В целом эта характеристика непредрешенчества передает его основное содержание, но не полностью, представляет его в несколько схематизированном, упрощенном виде. Самое главное, она обедняет его природу, не показывает тех, кто стоял за ним, его роль и значение в конкретных исторических условиях набиравшей размах гражданской войны, ребром снова поставившей вопрос, каким путем идти России дальше: возвратиться к монархии или, переведя стрелку, перейти на дорогу, проторенную пародами, создавшими европейскую цивилизацию. Иначе говоря, решить для себя вопрос, неотвязно стоящий перед Россией и совершенно явственно просматривающийся в ее истории со времен Ивана Грозного, над которым также бились Петр Великий и царь-реформатор Александр II и который по наследству достался потомкам XX века, прошедшим через горнило гигантских потрясений, загнавшим страну в тупик, и передающим его, являя бессилие, как эстафету своим наследникам в третье тысячелетие.
На долю Деникина и его сподвижников выпала трудная миссия. На маленьком полустанке всей армейской массой заскочить в потерявший управление поезд, мчащийся по громадным ухабам с гигантской скоростью, чтобы вырвать руль из рук фанатиков, опьяненных призрачным успехом социальных утопий, и, сбивая темп, задать ему нормальное движение, предотвратив тем самым грозящее ему крушение. Исполнению этой исторической миссии и должна была способствовать политика непредрешения.

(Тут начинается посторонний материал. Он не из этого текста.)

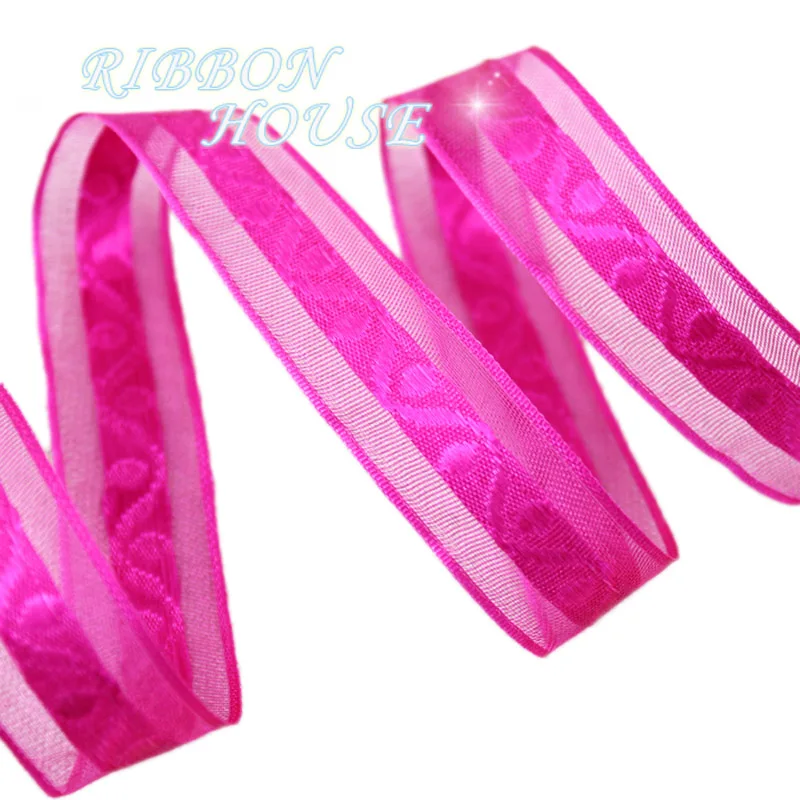 20 мм красивая жаккардовая ткань органза лента подарочная упаковка ленты(10/50y - Цвет: Розово-красный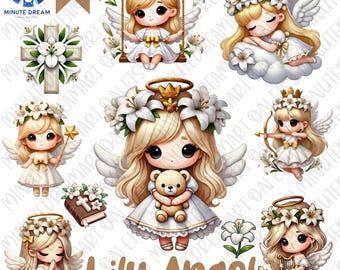 Schattige engel clipart, babylelie engel png, religieuze gebeurtenis, aquarel sublimatie, cadeau voor kind, doop en doop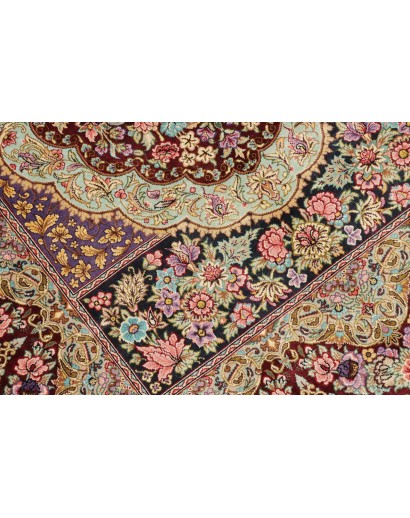 Tappeto Ghom seta Persia marrone 78x118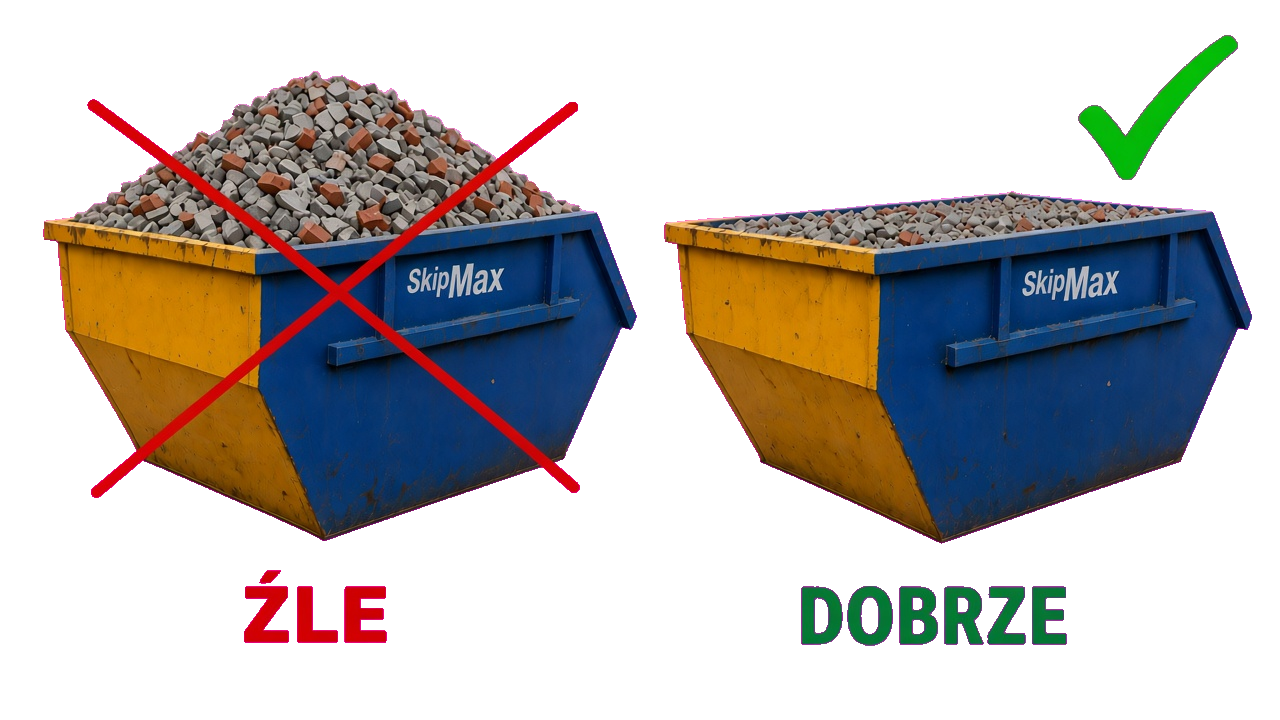 Źle i dobrze napełniony kontener SKIPMAX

Главная ее задача состояла в исключении из повестки дня широких, публичных дебатов по вопросам о формах и сущности будущего правления и государственно-политического устройства России, расширение которых с неизбежностью привело бы к расколу их участников, к развалу Добровольческой армии и всего Белого движения. Первой жертвой стали бы силы, ориентировавшиеся на западную цивилизацию, поскольку их социально-политическая платформа не обладала сколько-нибудь широкой и устойчивой базой. Потенциальные ее сторонники сами еще с опаской взирали на неведомые им государственно-общественные ценности и институты. В отношении других слоев населения тем более не приходилось строить иллюзий. В такой ситуации шансы монархических, авторитарных и откровенно диктаторских сил, жаждавших железной руки, оставались более предпочтительными. Механистическое, стихийное развитие процессов скорее всего и привело бы именно к таким последствиям.
Антон Иванович Деникин, осознававший груз своей исторической ответственности за исход Белого движения, это прекрасно понимал. Наседавшим назойливо на него с требованием открыто изложить цели и задачи Добровольческой армии он неизменно напоминал одну простую истину: прежде чем делить шкуру медведя, его сначала надо убить. А в официальном порядке ссылался на то, что форму правления и сущность государственно-политического устройства России полномочно определить лишь Учредительное собрание, которое после разгрома большевизма изберет весь народ.